[Brief descriptive captions]

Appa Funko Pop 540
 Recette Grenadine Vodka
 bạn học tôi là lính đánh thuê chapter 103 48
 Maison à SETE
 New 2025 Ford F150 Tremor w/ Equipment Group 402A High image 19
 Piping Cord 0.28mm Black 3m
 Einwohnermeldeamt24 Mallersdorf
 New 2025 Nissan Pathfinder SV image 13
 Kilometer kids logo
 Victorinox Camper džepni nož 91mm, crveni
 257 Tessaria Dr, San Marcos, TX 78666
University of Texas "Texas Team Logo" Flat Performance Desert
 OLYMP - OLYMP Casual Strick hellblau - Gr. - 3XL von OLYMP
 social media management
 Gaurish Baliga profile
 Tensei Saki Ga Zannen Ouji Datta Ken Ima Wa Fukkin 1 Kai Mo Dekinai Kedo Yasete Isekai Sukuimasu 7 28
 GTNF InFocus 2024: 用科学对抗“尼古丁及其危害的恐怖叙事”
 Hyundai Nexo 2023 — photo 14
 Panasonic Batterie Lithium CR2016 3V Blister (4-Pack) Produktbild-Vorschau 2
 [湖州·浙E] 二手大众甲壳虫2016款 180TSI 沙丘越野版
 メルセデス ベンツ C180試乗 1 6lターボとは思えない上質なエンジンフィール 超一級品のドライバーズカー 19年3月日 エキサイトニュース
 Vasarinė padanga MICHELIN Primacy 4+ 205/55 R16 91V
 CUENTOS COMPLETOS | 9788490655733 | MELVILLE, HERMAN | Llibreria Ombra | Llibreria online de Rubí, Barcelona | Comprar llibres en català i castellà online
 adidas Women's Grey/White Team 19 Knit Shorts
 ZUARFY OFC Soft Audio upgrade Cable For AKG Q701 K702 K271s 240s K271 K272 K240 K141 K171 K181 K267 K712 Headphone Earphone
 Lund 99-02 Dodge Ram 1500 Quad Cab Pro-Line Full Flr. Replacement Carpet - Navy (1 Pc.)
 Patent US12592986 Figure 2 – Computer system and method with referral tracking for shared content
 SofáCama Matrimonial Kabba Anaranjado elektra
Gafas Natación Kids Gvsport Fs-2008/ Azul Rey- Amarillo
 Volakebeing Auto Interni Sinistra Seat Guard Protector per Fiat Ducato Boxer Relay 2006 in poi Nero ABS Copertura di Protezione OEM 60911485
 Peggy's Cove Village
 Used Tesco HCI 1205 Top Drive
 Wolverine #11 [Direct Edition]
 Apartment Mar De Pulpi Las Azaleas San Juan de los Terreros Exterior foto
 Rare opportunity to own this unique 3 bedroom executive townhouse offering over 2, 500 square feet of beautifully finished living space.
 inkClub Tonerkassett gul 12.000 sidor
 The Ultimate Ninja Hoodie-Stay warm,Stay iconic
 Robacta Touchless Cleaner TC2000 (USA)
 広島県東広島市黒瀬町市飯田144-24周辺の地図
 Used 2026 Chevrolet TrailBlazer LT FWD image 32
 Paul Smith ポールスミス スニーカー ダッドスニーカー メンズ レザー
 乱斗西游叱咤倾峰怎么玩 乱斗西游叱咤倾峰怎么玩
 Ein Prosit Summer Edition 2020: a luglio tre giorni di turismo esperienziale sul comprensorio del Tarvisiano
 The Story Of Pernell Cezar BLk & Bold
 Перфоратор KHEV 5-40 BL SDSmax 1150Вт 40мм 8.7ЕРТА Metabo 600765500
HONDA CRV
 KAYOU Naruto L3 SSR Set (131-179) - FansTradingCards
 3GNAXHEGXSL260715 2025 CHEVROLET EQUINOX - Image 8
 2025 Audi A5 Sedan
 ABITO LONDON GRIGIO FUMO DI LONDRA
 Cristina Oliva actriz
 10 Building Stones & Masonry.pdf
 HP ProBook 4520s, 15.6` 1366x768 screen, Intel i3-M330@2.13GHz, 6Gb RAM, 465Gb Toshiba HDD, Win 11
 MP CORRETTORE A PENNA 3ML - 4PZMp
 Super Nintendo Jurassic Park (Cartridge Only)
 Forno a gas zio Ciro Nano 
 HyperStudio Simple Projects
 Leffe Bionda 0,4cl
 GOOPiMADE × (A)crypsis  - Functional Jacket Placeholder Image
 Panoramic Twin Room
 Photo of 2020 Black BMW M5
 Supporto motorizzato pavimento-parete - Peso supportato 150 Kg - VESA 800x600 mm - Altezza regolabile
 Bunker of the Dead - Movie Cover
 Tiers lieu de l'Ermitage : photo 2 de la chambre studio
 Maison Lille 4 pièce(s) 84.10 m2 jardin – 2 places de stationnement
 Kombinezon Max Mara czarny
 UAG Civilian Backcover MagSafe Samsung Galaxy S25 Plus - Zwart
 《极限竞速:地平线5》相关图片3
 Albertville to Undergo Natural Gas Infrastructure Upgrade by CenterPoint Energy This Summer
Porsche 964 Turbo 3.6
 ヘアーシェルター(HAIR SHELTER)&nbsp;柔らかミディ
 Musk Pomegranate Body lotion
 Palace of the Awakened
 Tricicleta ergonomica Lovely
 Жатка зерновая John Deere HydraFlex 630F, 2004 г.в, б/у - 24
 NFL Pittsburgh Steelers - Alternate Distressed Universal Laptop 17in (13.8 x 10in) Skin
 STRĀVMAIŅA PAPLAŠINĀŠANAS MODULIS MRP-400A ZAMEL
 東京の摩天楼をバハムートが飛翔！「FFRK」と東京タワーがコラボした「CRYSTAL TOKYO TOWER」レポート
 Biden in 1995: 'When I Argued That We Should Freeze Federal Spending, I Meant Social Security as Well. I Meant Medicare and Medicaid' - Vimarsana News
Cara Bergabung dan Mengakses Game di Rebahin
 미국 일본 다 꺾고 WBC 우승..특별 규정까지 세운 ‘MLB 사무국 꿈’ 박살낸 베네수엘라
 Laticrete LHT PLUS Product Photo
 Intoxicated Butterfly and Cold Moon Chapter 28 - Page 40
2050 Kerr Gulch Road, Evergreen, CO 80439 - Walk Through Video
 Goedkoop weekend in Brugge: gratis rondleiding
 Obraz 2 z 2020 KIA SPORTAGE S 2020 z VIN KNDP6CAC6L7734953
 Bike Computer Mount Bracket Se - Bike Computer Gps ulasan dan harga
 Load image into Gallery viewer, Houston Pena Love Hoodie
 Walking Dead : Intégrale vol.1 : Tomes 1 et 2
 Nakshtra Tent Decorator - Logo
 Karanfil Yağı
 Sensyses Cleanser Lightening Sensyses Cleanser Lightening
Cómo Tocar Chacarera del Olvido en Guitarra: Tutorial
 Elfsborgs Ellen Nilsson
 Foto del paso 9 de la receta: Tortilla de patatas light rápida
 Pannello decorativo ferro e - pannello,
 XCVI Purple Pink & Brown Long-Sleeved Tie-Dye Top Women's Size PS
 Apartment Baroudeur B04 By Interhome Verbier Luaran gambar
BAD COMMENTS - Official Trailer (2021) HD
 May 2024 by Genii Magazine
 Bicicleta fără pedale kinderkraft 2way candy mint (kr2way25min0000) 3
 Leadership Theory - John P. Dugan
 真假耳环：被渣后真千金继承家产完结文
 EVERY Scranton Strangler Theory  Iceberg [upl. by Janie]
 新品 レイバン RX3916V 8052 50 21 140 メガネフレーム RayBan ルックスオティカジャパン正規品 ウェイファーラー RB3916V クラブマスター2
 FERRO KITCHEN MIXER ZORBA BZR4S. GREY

◆ **WORK TO COMPLETE**
Starting at the line that contains "新品 レイバン RX3916V", copy each line through the last one in the records, exactly, and output nothing else.

◆ **TASK RESPONSE**
 新品 レイバン RX3916V 8052 50 21 140 メガネフレーム RayBan ルックスオティカジャパン正規品 ウェイファーラー RB3916V クラブマスター2
 FERRO KITCHEN MIXER ZORBA BZR4S. GREY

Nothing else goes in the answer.